Your objective -> Output exactly the lines below, starting with the line that has "Artiss Standing Desk" and going on through the line that has "Cappello da Mago", both included, and no other lines.

Data supplied ->
#####
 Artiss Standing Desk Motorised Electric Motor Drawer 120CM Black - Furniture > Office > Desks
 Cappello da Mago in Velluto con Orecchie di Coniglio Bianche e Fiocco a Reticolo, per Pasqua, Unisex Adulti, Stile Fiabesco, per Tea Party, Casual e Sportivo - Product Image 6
#####
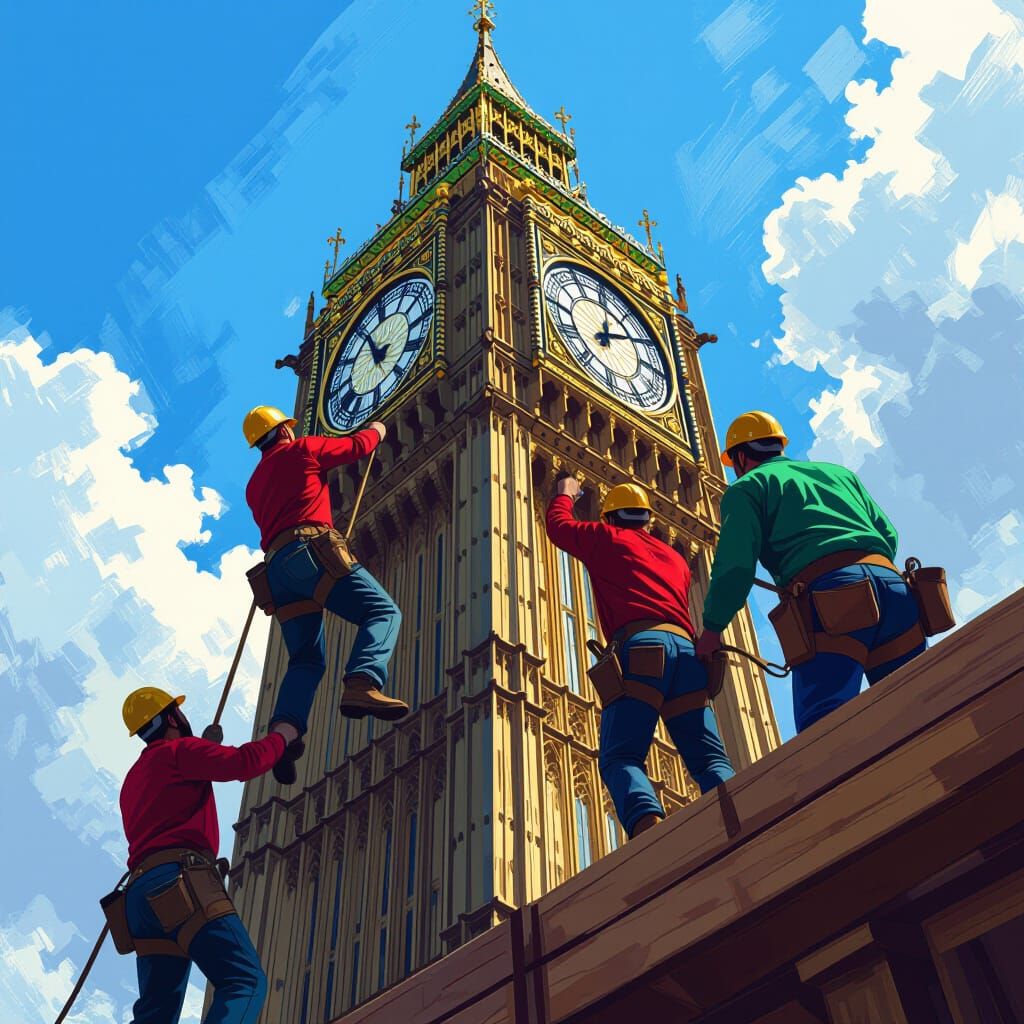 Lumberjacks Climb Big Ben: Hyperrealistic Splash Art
#####
Exercise solution ->
 Artiss Standing Desk Motorised Electric Motor Drawer 120CM Black - Furniture > Office > Desks
 Cappello da Mago in Velluto con Orecchie di Coniglio Bianche e Fiocco a Reticolo, per Pasqua, Unisex Adulti, Stile Fiabesco, per Tea Party, Casual e Sportivo - Product Image 6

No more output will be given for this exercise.